Kriteria itu sudah disepakati oleh para menteri agama di Malaysia, Brunei Darussalam, Indonesia, dan Singapura (MABIMS).
Wilayah yang memenuhi kriteria 3 derajat dan elongasi 6,4 derajat berada di Benua Amerika, sedangkan Asia Tenggara belum terpenuhi sehingga kemungkinan besar hasil rukyat pada 10 Maret 2024 tidak ada yang berhasil.
Thomas menjelaskan faktor itulah yang membuat awal Ramadan 2024 di Indonesia jatuh pada 12 Maret.
Namun, ada organisasi masyarakat atau ormas yang menggunakan kriteria berbeda, yakni wujudul hilal.

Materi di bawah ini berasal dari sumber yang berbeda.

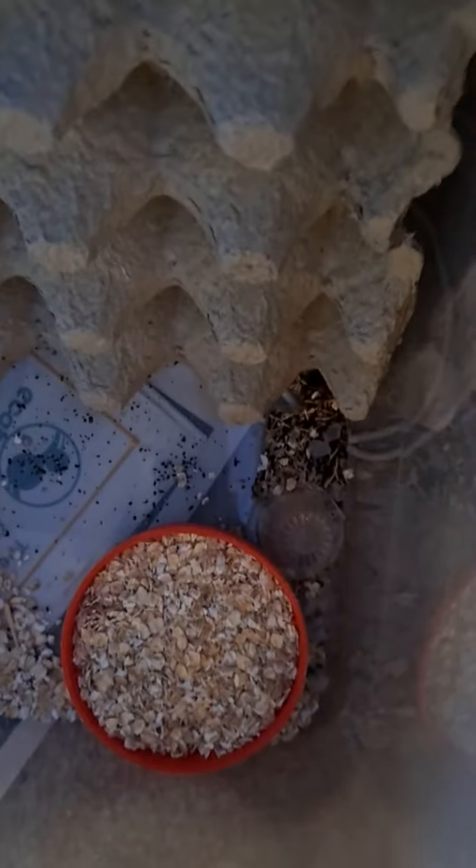They have water beads because they drown in standing water. At the moment they've got porridge oats. In the past I've given them ground-up dry cat food — it's full of protein and they loved it. The big thing about putting in fruit and vegetables is you have to watch out for mold. Make sure you haven't got too much moisture, as mold will kill these guys.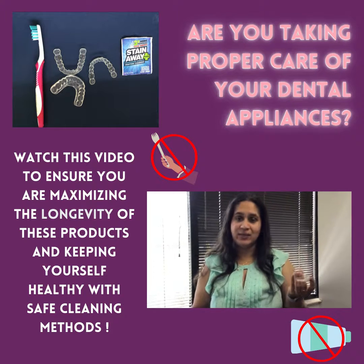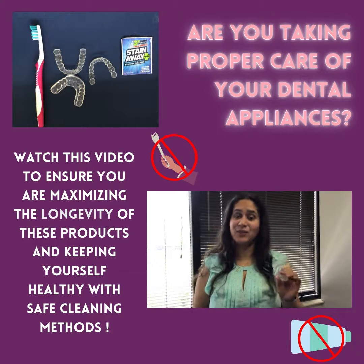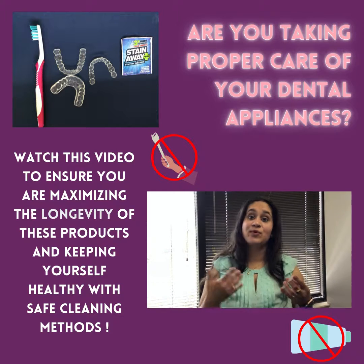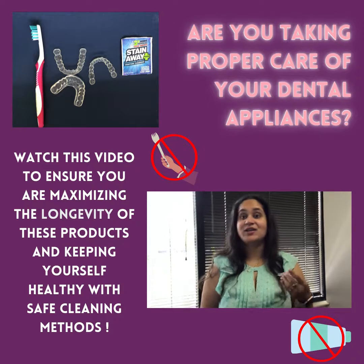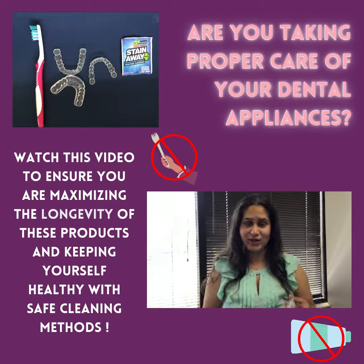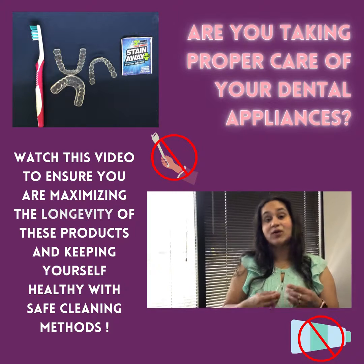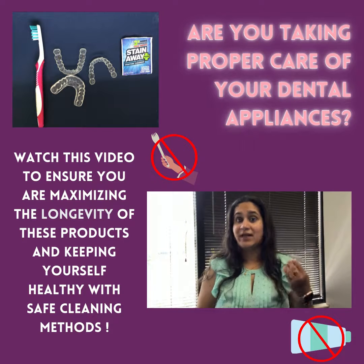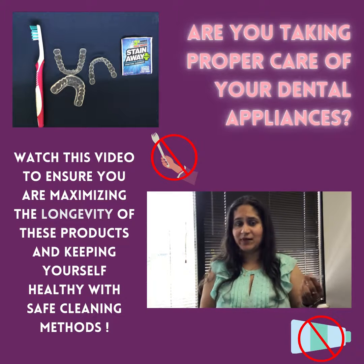How clean we keep the appliance is very critical, and the process we follow is equally critical. If we don't maintain it properly, it increases the porosity of the appliance over time, which can lead to more bacterial buildup — which is very unhealthy and unhygienic when we put it in our mouth. It can also determine how long your appliance lasts, as poor upkeep obviously shortens its lifespan.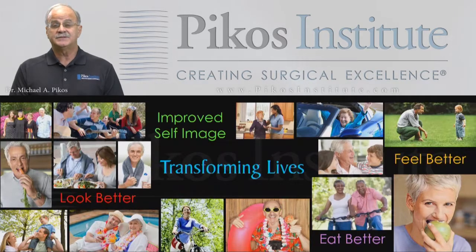It is certainly satisfying for our patients and definitely for us as clinicians. I highly recommend that you look at this particular protocol and consider implementing it into your private practice. We will definitely transform our patients' lives without question.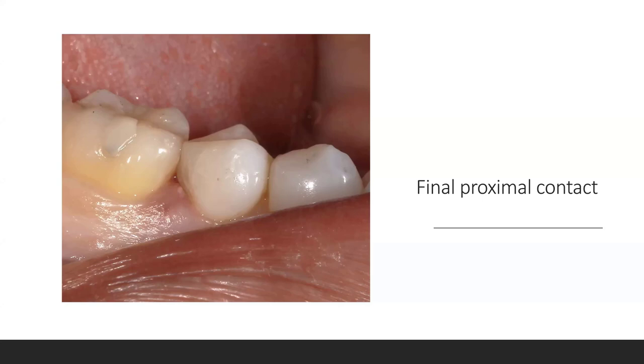Looking from the occlusal, here's your rebuilt bicuspid. She's 35 years old. Is the tooth half full or half empty? Would you want your tooth restored like this — rebuilt to minimize fractures and minimize shrinkage stress? How long can you now preserve this tooth? She's got to brush and floss, but this is how I keep teeth till their 75th birthday. You don't have to all agree with me, but I like to be thought-provoking in how I take care of patients.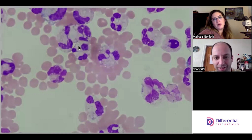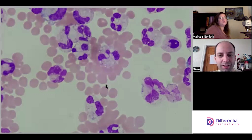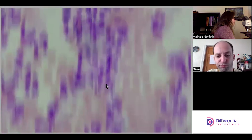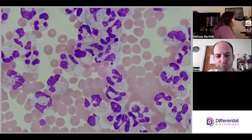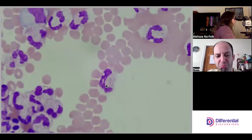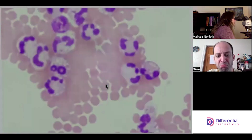It's refracting a little better on the scope than on screen, but there's a little pseudogout right there. I'm not seeing a whole lot else here other than the pseudogouts, all these neutrophils, and the pycnotic cells.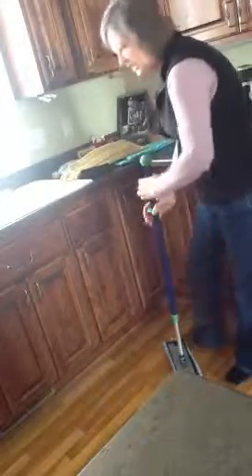Our mop system is microfiber. It's antibacterial. So you're going to be picking up everything off the surface of your floor with just water. You don't need any cleaners or chemicals on your floor.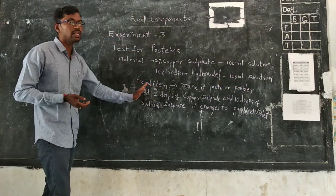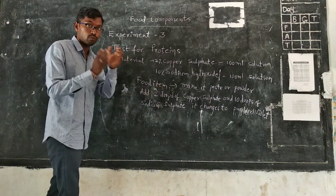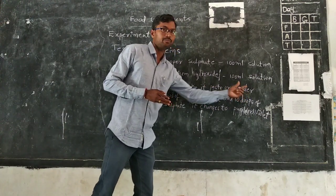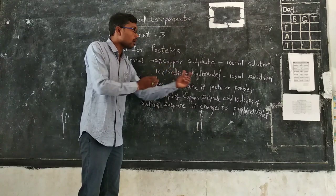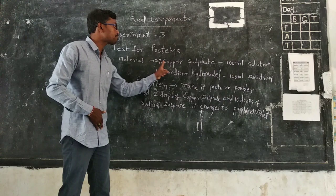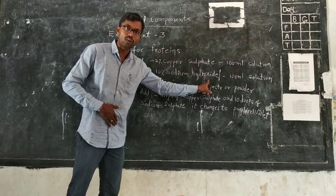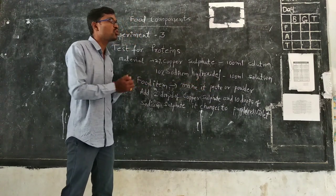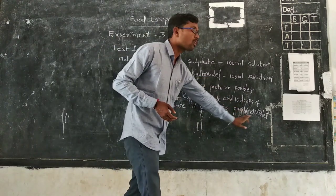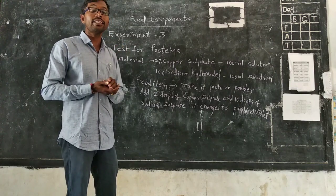Now take any one food item for this test. Take the food substance, make it into a paste or powder, then put this paste or powder into a test tube. Add two drops of copper sulfate and ten drops of sodium hydroxide. When we add this solution to the food item, it changes to purple or violet color, which confirms that proteins are present in the food item.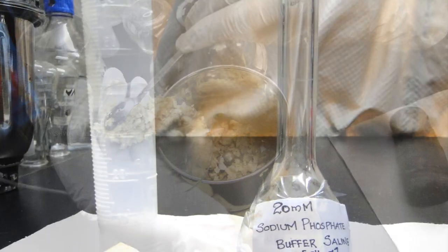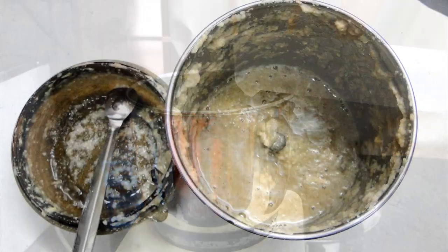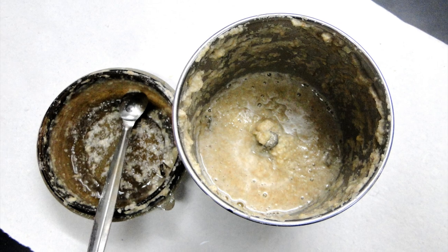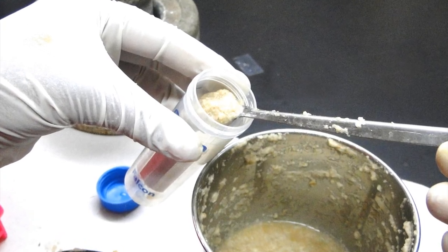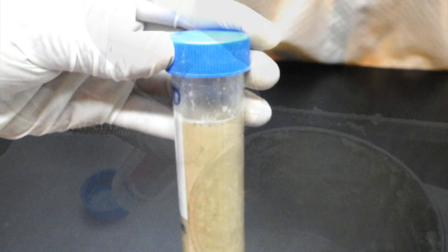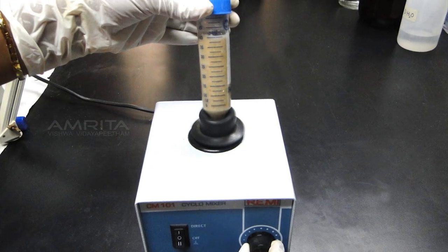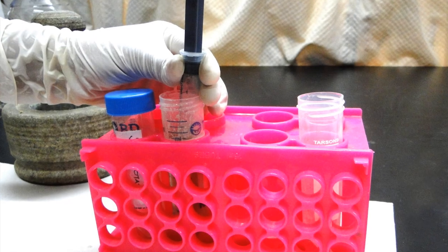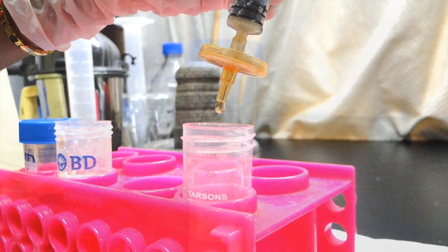Add 40 ml of cold 20 mM sodium phosphate buffer and blend until it forms a paste. Gently transfer the potato slurry into a blue capped tube. Allow the enzyme to extract over a period of 1 hour at room temperature with frequent vigorous stirring using a vortex mixer. The extract is then filtered using a GFA glass fiber filter and the filtrate is collected in a new blue capped tube.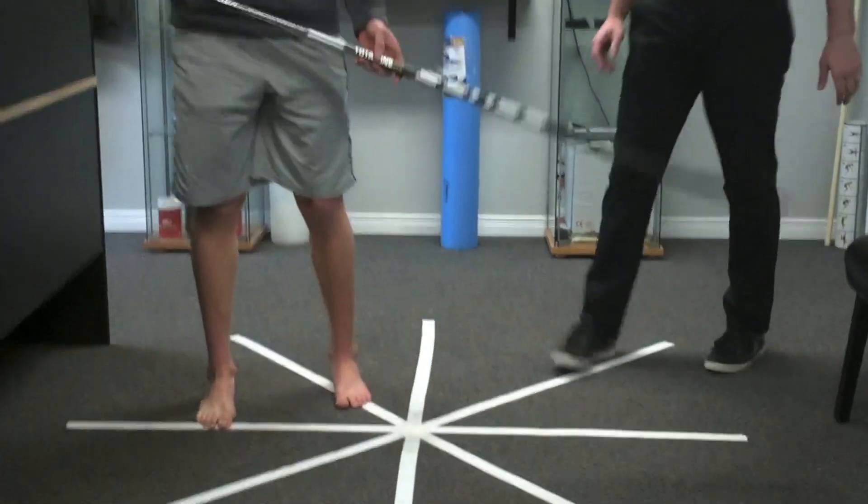So this is an exercise that you can practice with your patients, or if you actually have an ankle injury, as a rehab tool — not just as a testing one.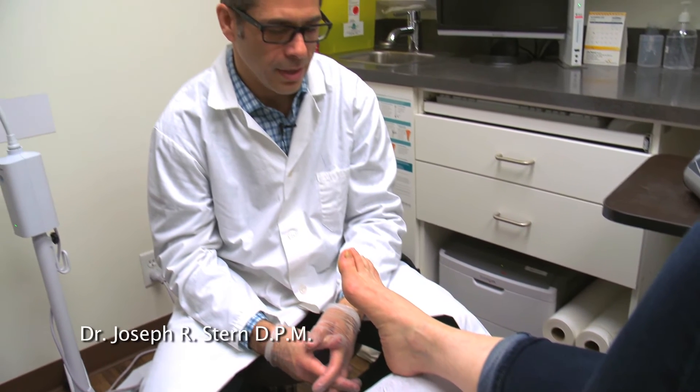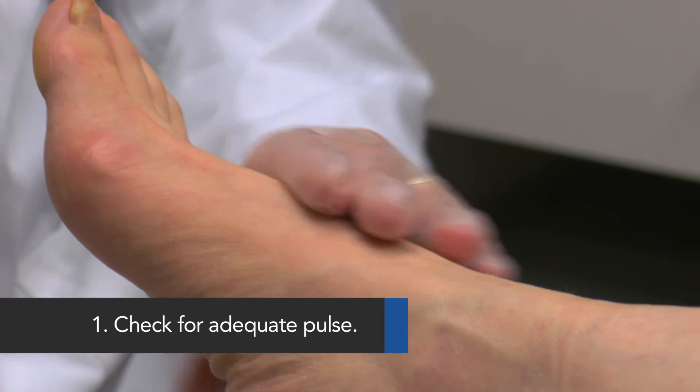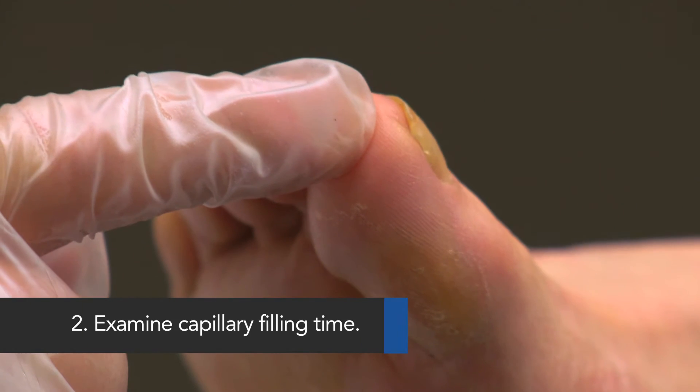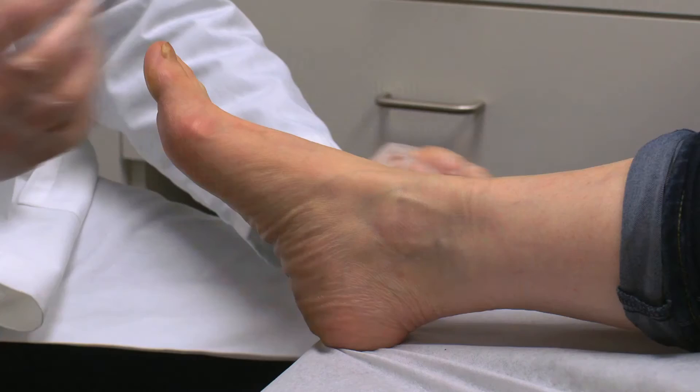It is important to conduct a simple pre-treatment examination on all patients. First, check for adequate pulse on top of the foot and behind the inside ankle bone. Second, examine capillary filling time on all toes by pressing lightly on the toe and observing blood rapidly returning to the capillaries.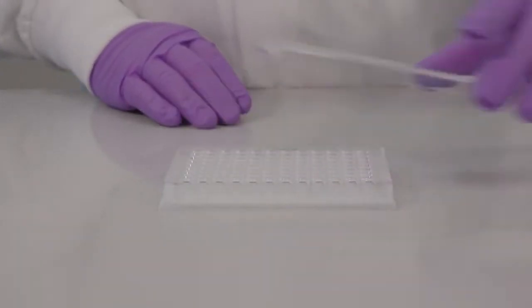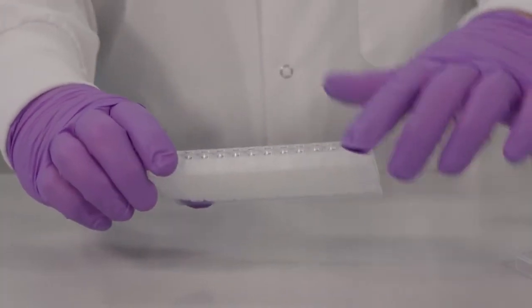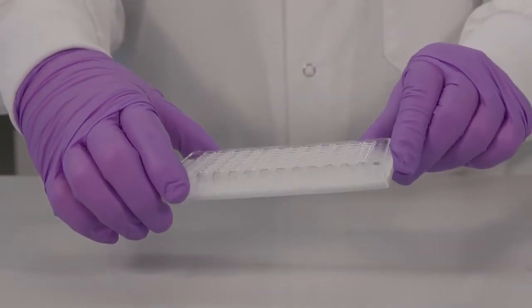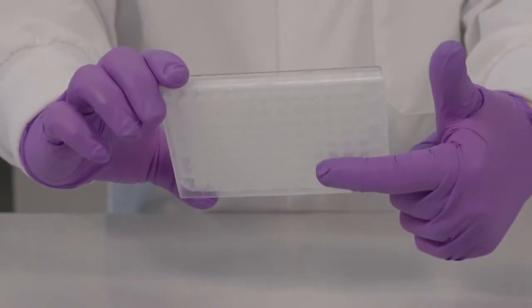For some assays, such as radio immunoassays, the under drain of the multi-well filter plate can be separated from the housing containing the filter in case separate analysis is needed. This also allows removal of the unwanted hold-up volume under the membrane in the under drain chamber.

Pada 10 Maret 2024 di Indonesia, katanya, posisi Bulan sudah di atas ufuk dan sudah positif. Di Jakarta, posisi Bulan tingginya 0,7 derajat dan elongasi sudah di atas ufuk, namun masih kurang dari 6,4 derajat.
Peneliti BRIN menjelaskan penyebab awal puasa 2024 atau awal Ramadan 2024 berbeda, tetapi lebaran sama.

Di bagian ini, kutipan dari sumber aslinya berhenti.